Kambalame said as Malawi imports over 90 percent of fertilisers or 430 000 metric tonnes per year, supporting fertiliser production can also ease the cost and scarcity of the commodity, cut import costs, enhance agricultural productivity and boost food security.

The chamber has also proposed a cut in the excise duty on locally produced fruit wines from 95 percent to 10 percent to stimulate the growth of this emerging industry. It also proposed a review of 20 percent sewer charges for bottling manufacturing companies, whose operations of up to 70 percent depend heavily on water.

The private sector lobby group further proposed a reduction of excise tax on spirits beverages from 110 percent to 60 percent to curb smuggling.

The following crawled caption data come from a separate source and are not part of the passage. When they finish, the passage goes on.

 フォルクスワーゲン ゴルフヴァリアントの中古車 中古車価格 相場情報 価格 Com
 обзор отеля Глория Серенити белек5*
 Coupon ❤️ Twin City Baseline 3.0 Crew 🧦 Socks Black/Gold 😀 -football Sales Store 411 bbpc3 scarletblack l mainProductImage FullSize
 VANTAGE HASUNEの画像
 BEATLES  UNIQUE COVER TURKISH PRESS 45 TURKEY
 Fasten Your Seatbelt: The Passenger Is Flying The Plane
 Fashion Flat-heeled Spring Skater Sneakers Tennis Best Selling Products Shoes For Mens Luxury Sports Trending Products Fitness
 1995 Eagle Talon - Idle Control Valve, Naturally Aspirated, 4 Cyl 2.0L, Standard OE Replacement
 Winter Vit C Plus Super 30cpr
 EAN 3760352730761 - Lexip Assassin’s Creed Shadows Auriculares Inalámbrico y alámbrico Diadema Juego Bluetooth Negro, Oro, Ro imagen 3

In reaction, Minister of Finance, Economic Planning and Decentralisation Joseph Mwanamvekha announced a crackdown on the illegal forex market, which he says has worsened foreign exchange crisis.

He said that while he knows a few firms engaged in the malpractice, he would rather have them stop than being forced to close down their operations.

Mwanamvekha said while the forex reserves situation is improving, addressing the gap between parallel and official market will be critical.

He said: “With the official rate at K1 751 against K3 600 on the black market, the gap is huge and has to be addressed.

“Reserves are improving and slowly people will be able to access forex in the banks. There is no reason why people should be queuing for months just to get forex.”

The minister said the forthcoming budget will be anchored on the Malawi 2063 First 10-Year Implementation Plan and the National Economic Recovery Plan, with continued prioritisation of economic stabilisation and investment in key productive sectors of agriculture, tourism, mining and manufacturing.

During the opening of the 2026/27 Pre-budget Consultations Meetings in Lilongwe last Friday, economists and groups called for a realistic budget, control spending and focus on key social programmes, warning that wishful thinking could keep the economy weak.